Medium to large Cichlids have, in general, a reputation of aggression towards tankmates, intolerance to others of their kind, and just a bad attitude in the aquarium.

To dispel those myths, in this post we'll study what I call the mellow fellows; that is, the medium to large Cichlids that, to a lesser or greater extent, are completely passive in the aquarium. Some, of course, are more passive than others, and one or two can suddenly turn from Dr. Jeckle to Mr. Hyde in an eye blink, or will stay mellow throughout their life. For this post, I'll define medium as fish that grow to over four inches in total length, though most in the list get a good deal larger than that, and are gentle to tankmates too large to eat.

Some species in this list are ridiculously easy to find in shops, some with take some searching, but all are well worth dedicating tank space to. Keep in mind, though, that they are Cichlids, and thus can be unpredictable, but of course, the ones in this list are easily defined as passive in the aquarium.

Now, some species.

By far the most common and popular mellow fellow available is the Oscar (Astronotus ocellatus), of soft, acidic tributaries of the Amazon basin in Venezuela, Guyana and Paraguay.

Oscars, which reach 14 inches given the time and space to do so, are affable to fish too large to eat and to each other when kept in a group, if introduced all together when young. And they have, for lack of a better word, personality. They very quickly learn who feeds them, and they will do all kinds of antics to get the attention of their keeper.

A favorite is a tail slap on the surface of the water. Some jump clear of the water, landing with a huge splash. Another is the whole group at the front of the tank staring at you until you feed them. Redesigning the tank decor when things don't go their way is common.
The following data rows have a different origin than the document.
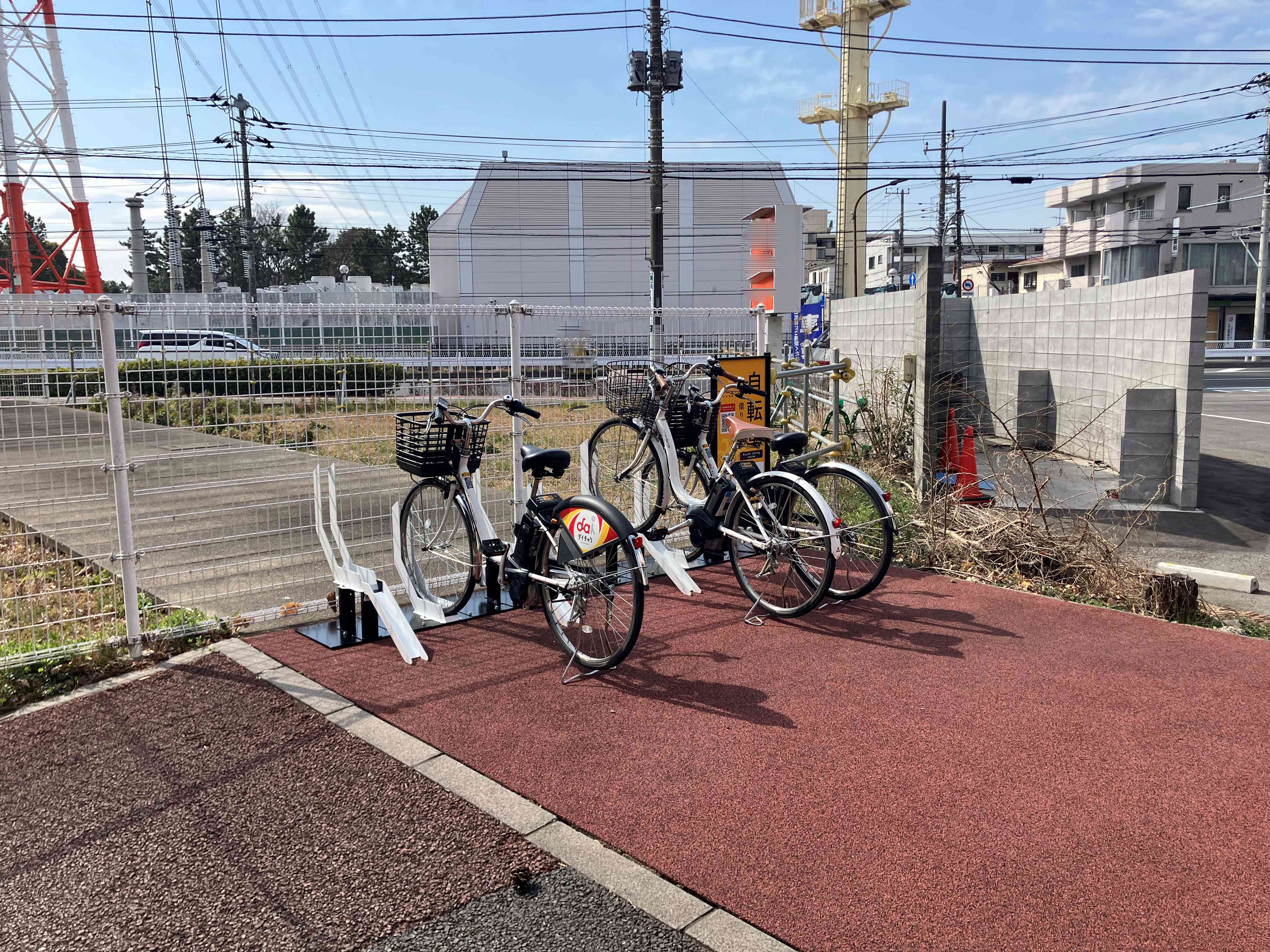 江戸川第2終末処理場西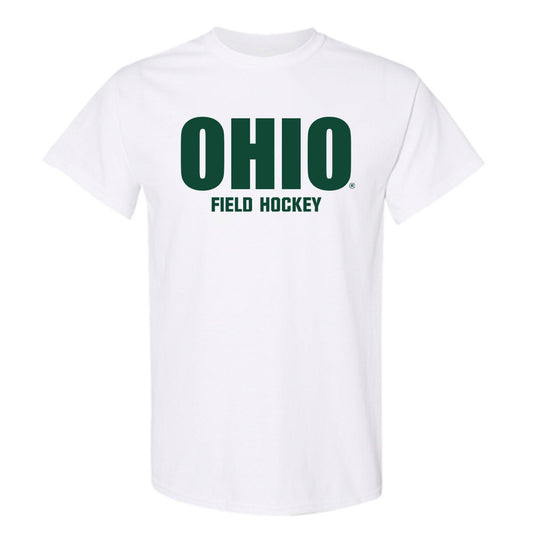 Ohio - NCAA Women's Field Hockey : Molly Schreiner - Classic Shersey T-Shirt-0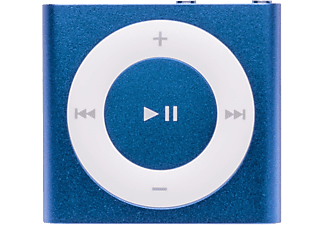 APPLE iPod Shuffle 2 GB MP3 lejátszó, kék (mkme2hc/a)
A stomach with fins, Oscars are always prepared to eat, and if you're not careful, they'll train you when, what and how much to feed them with their behavior.

In nature they live in both black and white water habitats that are quite soft and acid, even down to pH 5.5 with near zero hardness. Commercially bred for decades, they'll even live and possibly breed up to perhaps pH 7.5 with moderately hard water. However, they live and breed best in the soft and acid tank, as eggs usually don't hatch in hard water. They prefer temperatures between 75 and 80 degrees. Filtration through peat moss darkens and softens the water, which usually triggers breeding in this species.

Captive breeding has resulted in many different color morphs. Primarily it's red and orange markings on a black or dark grey-green ground, usually with an occelated orange or red circle (the 'ocellatus') at the top of the caudal peduncle. Some can be almost totally orange, some albino with light orange markings on an ash-white ground. There are dozens if not hundreds of color variations of this species. And each Oscar is as individual as a fingerprint; no two are exactly alike in markings.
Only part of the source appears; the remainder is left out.